Every birth is different. If asked after Sadie’s hospital birth, I would tell you that as strong as I am, I found birth extremely difficult. While I made it by the Grace of God and my husband’s unwavering support through that birth naturally, it was not something I would ever want to endure again. After years of research into physiological birth, I discovered just how interventions, nutrition, atmosphere and providers not only can effect the risk factors of birth, but how they disrupt our own bodies way of navigating through the hormonal patterns that are meant to guide our way both physically and mentally.

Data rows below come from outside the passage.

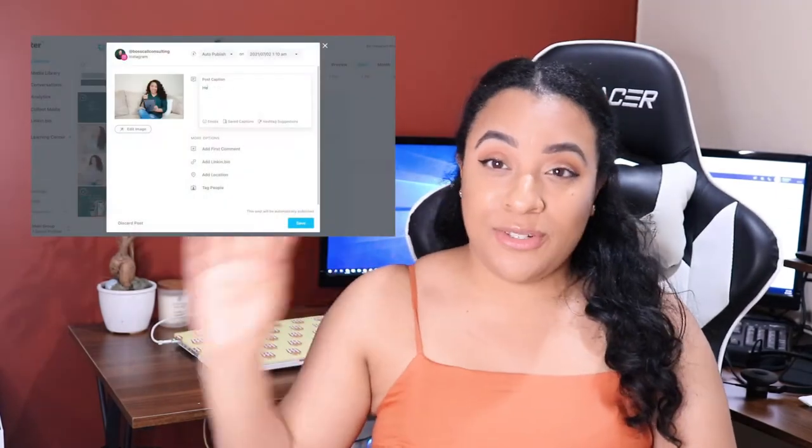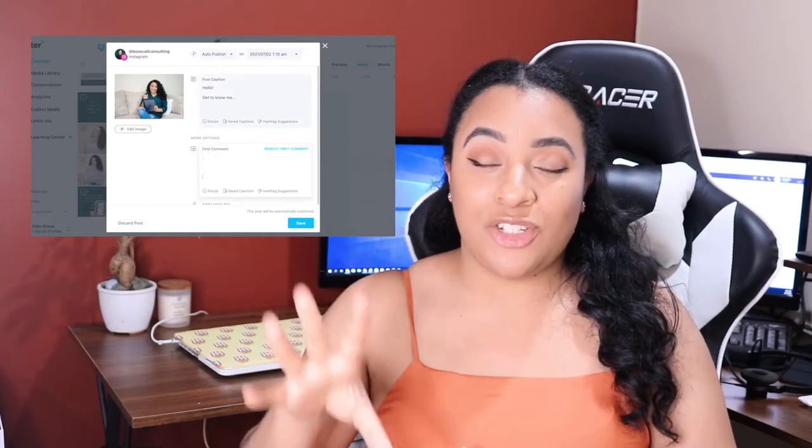The third program I use is Later. I use Later to schedule out my posts and it is a lifesaver — I don't have to be on Instagram or Facebook physically every single time I need to post. I can just schedule it, write the caption, put the hashtags in, and it's all good to go. There's also Planoly, Sprout Social, and Hootsuite, but I personally like Later.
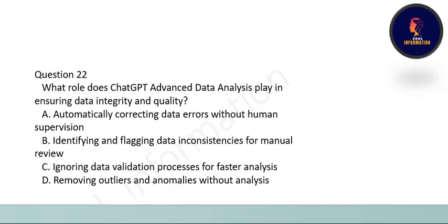Next question: what role does ChatGPT Advanced Data Analysis play in ensuring data integrity and quality? The correct option is B: by identifying and flagging data inconsistencies for manual review.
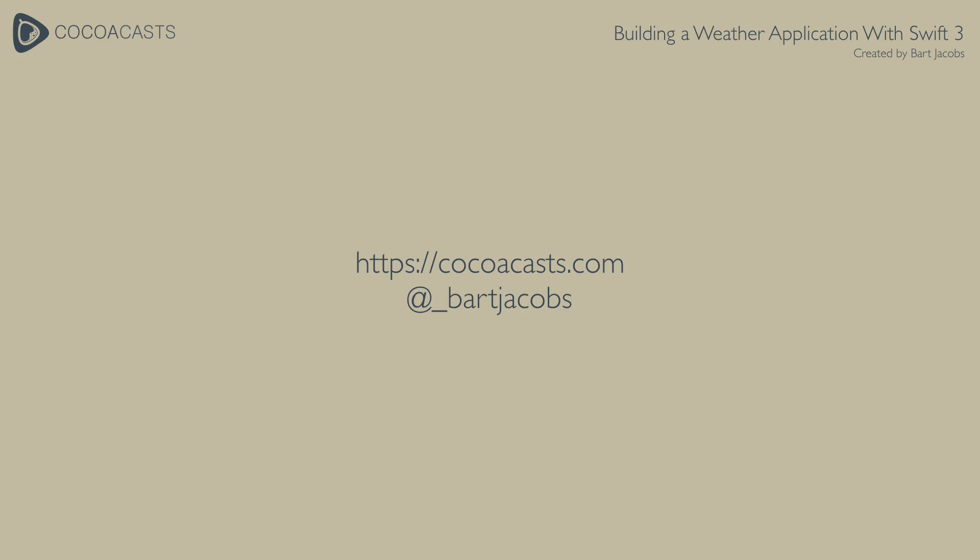You can find the source files of this tutorial on GitHub. If you have any questions leave them in the comments below or reach out to me on Twitter. And don't forget to subscribe if you want to learn more about Swift and Cocoa development.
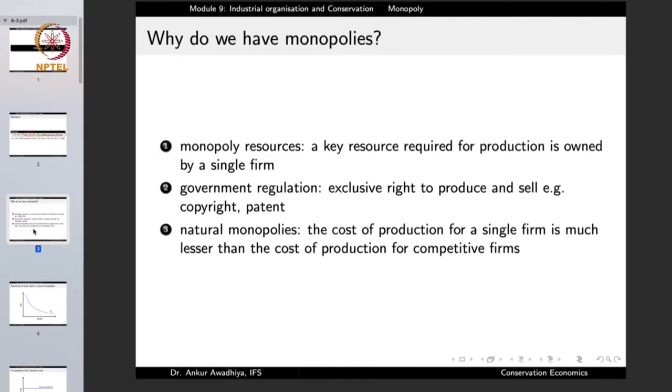Why do we have monopolies? There are three main reasons. The first is monopoly resources — a key resource required for production is owned by a single firm. A good example is diamond mines. The De Beers company holds a greater than 80% share in the world diamond market because they own and operate the mines from which the largest chunk of diamonds come. So De Beers is a monopoly because they are the sole suppliers of diamonds, having a monopoly over the resources.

Then there was James. His birth was healing. It opened my eyes to how our bodies were created for this, and how we CAN affect it. Though real medical issues can and do arise, and in those moments modern medicine can be life saving, the classic hospital birth wasn’t the only safe way. An interesting statistic most do not know, is that a “low risk, planned home birth” is statistically safer than a “low risk, planned hospital birth.”
This has been proven throughout the world, and midwifery methods have now been adapted by many countries due to these undeniable studies.
After James, I had to know the science behind everything. I didn’t want speculation, I wanted the proof. I wanted to know how every aspect of birth unraveled. And found it. However, instead of this knowledge giving me more control, Joséphines birth taught me to surrender. After pursuing years of evidence based science, education, courses, certifications and studies, I knew the many ways of how birth could unravel, and the factors that can influence it. But I still struggled to fully give it up to God. Throughout her pregnancy, the Lord stripped me of this more times than I’d like to reflect on, and showed me how to surrender to both Him and my husband. I gained an invaluable softness from this birth, and cannot wait to continue pursuing it.
Ultimately, we can pursue something with the entirety of our soul, yet still everything lies in His hands… and only in that trust, and surrender, does peace live.
“When a woman births, she does not just give birth to a baby — she gives birth to herself.”